DESCRIPTION OF THE TASK - Using the records below, repeat exactly the lines from the one holding "KangaROOS RETRO CUP" through the one holding "3TMLU4EN0CM090782 - 2012", both ends included, and no others.
RECORDS PROVIDED: Begin
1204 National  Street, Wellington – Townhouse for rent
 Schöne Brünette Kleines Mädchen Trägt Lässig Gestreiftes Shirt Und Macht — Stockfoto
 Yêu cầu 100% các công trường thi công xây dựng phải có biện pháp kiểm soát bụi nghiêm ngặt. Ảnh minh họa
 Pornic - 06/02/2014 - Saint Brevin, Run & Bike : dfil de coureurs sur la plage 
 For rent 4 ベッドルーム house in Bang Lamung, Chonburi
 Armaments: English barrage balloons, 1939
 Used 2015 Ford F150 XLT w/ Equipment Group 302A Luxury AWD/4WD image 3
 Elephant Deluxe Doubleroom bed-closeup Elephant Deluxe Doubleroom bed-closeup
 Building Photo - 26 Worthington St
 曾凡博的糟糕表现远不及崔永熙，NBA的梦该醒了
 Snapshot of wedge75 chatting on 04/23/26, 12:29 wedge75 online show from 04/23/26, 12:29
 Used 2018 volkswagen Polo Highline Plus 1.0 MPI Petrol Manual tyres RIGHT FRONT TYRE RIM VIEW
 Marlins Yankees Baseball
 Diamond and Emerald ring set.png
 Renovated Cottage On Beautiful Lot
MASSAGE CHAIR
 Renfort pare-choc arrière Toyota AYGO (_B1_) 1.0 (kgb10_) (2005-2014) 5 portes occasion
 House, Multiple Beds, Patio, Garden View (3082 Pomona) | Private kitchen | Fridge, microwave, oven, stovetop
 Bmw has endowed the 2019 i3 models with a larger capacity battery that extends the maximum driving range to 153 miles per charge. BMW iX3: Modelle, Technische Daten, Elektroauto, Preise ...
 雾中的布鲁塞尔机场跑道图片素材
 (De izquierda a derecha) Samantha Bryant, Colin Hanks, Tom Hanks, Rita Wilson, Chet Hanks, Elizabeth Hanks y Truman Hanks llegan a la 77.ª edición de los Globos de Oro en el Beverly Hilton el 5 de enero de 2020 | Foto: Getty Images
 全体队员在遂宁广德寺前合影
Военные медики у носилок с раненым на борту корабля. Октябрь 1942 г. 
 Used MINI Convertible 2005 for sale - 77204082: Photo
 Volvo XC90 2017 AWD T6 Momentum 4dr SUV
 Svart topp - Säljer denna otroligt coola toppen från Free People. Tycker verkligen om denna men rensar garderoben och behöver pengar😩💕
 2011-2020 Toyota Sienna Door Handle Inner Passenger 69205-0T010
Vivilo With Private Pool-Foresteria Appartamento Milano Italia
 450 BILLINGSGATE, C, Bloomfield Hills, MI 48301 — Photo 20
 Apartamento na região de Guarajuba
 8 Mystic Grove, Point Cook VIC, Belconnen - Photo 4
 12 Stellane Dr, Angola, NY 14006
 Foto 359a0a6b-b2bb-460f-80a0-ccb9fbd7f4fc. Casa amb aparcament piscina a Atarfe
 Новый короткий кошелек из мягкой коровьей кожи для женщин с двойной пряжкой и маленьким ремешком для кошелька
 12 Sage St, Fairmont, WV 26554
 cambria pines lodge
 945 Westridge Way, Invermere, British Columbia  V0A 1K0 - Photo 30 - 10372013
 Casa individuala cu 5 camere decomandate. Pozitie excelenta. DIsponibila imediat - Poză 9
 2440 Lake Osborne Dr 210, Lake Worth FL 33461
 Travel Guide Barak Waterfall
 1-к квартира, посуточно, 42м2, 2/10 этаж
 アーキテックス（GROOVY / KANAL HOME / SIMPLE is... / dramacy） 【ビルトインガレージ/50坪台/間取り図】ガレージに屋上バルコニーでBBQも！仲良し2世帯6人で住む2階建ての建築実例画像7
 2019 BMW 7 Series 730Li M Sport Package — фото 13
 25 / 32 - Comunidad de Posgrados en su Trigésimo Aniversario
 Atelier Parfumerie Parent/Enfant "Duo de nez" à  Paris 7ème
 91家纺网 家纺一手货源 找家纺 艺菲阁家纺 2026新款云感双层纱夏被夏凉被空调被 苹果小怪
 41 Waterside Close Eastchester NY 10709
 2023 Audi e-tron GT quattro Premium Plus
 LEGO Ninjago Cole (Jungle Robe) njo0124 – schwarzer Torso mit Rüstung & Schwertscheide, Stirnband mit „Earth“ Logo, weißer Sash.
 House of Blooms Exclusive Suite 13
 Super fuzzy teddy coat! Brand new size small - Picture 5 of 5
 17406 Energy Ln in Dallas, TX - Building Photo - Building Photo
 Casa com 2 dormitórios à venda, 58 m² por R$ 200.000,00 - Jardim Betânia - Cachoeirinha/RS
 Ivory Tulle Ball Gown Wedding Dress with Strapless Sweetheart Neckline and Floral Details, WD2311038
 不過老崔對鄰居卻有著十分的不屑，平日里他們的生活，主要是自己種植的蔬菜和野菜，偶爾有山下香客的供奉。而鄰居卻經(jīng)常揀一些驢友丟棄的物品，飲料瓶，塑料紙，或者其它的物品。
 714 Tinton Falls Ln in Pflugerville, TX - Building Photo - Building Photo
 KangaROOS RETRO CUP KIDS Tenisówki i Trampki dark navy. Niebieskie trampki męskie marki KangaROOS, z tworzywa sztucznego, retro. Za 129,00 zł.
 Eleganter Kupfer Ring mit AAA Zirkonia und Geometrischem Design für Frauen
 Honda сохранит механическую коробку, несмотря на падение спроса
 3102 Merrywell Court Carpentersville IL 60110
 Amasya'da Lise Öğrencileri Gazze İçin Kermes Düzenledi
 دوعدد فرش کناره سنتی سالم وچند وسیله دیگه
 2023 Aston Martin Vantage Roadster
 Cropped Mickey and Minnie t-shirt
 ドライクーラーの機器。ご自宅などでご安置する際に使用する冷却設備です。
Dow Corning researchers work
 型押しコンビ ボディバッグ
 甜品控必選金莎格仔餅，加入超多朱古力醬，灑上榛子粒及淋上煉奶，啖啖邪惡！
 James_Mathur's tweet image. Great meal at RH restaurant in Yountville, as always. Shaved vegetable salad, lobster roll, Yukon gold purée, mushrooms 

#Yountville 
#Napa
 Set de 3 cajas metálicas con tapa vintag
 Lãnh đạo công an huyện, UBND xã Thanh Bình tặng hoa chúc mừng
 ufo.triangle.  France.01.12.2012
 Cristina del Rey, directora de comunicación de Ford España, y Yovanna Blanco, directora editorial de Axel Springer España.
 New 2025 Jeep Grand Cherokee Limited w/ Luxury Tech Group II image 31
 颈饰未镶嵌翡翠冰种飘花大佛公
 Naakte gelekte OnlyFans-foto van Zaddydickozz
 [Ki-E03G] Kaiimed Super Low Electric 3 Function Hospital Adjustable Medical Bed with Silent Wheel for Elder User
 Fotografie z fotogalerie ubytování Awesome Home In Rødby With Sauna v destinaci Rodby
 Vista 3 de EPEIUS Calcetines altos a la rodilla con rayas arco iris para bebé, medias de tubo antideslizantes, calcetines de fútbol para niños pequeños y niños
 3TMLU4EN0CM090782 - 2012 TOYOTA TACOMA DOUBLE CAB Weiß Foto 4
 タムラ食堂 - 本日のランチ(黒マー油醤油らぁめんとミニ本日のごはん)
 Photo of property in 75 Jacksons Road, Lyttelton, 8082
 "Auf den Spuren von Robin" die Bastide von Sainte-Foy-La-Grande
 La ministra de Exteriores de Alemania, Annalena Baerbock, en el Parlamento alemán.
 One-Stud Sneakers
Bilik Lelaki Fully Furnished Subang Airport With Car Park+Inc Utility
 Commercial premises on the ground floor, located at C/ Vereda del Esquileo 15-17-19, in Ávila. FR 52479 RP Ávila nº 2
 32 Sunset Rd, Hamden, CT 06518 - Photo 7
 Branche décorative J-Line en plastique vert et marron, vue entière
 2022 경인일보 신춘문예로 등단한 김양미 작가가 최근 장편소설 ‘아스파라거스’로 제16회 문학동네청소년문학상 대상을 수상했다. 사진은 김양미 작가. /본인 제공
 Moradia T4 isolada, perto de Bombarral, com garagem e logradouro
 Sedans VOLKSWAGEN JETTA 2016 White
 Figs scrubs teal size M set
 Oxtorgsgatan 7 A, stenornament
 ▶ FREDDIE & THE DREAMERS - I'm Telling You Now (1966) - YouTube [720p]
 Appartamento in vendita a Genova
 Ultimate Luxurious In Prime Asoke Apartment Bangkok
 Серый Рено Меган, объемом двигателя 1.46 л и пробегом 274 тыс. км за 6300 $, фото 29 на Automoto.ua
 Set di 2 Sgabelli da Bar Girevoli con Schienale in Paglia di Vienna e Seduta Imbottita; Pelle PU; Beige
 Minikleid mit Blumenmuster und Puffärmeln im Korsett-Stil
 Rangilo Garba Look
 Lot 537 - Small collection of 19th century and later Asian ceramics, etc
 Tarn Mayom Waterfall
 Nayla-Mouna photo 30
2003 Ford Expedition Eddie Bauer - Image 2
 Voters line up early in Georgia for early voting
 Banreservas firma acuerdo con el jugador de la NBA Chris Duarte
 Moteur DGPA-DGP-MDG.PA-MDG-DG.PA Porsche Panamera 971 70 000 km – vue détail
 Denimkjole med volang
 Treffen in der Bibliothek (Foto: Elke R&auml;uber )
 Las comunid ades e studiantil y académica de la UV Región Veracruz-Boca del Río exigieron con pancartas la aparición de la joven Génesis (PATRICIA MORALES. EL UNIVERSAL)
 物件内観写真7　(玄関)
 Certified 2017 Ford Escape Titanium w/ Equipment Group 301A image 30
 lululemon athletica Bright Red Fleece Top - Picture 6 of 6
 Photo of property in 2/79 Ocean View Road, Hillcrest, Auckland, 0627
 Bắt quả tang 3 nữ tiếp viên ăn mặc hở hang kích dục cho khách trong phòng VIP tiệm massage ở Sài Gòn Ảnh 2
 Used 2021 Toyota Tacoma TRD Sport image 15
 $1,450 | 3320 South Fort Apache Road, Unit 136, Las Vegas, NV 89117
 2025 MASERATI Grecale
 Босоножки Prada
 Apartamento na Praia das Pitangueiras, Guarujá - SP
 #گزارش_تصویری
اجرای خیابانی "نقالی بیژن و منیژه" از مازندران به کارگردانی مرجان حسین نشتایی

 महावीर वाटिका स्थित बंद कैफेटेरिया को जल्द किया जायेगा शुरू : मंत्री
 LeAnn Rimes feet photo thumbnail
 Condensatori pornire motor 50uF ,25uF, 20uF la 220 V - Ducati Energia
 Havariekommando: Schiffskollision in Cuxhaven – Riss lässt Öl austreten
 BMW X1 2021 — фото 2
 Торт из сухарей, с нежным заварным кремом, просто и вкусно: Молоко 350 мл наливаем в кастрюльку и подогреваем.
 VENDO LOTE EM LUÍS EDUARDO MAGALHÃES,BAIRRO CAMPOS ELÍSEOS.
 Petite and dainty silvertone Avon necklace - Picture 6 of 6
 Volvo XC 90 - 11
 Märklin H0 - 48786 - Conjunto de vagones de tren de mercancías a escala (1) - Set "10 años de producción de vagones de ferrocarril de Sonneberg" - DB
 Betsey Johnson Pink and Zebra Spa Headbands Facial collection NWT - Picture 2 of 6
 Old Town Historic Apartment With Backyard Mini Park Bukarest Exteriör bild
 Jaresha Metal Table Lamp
RECORDS PROVIDED: End
SOLUTION TO THIS EXERCISE -
 KangaROOS RETRO CUP KIDS Tenisówki i Trampki dark navy. Niebieskie trampki męskie marki KangaROOS, z tworzywa sztucznego, retro. Za 129,00 zł.
 Eleganter Kupfer Ring mit AAA Zirkonia und Geometrischem Design für Frauen
 Honda сохранит механическую коробку, несмотря на падение спроса
 3102 Merrywell Court Carpentersville IL 60110
 Amasya'da Lise Öğrencileri Gazze İçin Kermes Düzenledi
 دوعدد فرش کناره سنتی سالم وچند وسیله دیگه
 2023 Aston Martin Vantage Roadster
 Cropped Mickey and Minnie t-shirt
 ドライクーラーの機器。ご自宅などでご安置する際に使用する冷却設備です。
Dow Corning researchers work
 型押しコンビ ボディバッグ
 甜品控必選金莎格仔餅，加入超多朱古力醬，灑上榛子粒及淋上煉奶，啖啖邪惡！
 James_Mathur's tweet image. Great meal at RH restaurant in Yountville, as always. Shaved vegetable salad, lobster roll, Yukon gold purée, mushrooms 

#Yountville 
#Napa
 Set de 3 cajas metálicas con tapa vintag
 Lãnh đạo công an huyện, UBND xã Thanh Bình tặng hoa chúc mừng
 ufo.triangle.  France.01.12.2012
 Cristina del Rey, directora de comunicación de Ford España, y Yovanna Blanco, directora editorial de Axel Springer España.
 New 2025 Jeep Grand Cherokee Limited w/ Luxury Tech Group II image 31
 颈饰未镶嵌翡翠冰种飘花大佛公
 Naakte gelekte OnlyFans-foto van Zaddydickozz
 [Ki-E03G] Kaiimed Super Low Electric 3 Function Hospital Adjustable Medical Bed with Silent Wheel for Elder User
 Fotografie z fotogalerie ubytování Awesome Home In Rødby With Sauna v destinaci Rodby
 Vista 3 de EPEIUS Calcetines altos a la rodilla con rayas arco iris para bebé, medias de tubo antideslizantes, calcetines de fútbol para niños pequeños y niños
 3TMLU4EN0CM090782 - 2012 TOYOTA TACOMA DOUBLE CAB Weiß Foto 4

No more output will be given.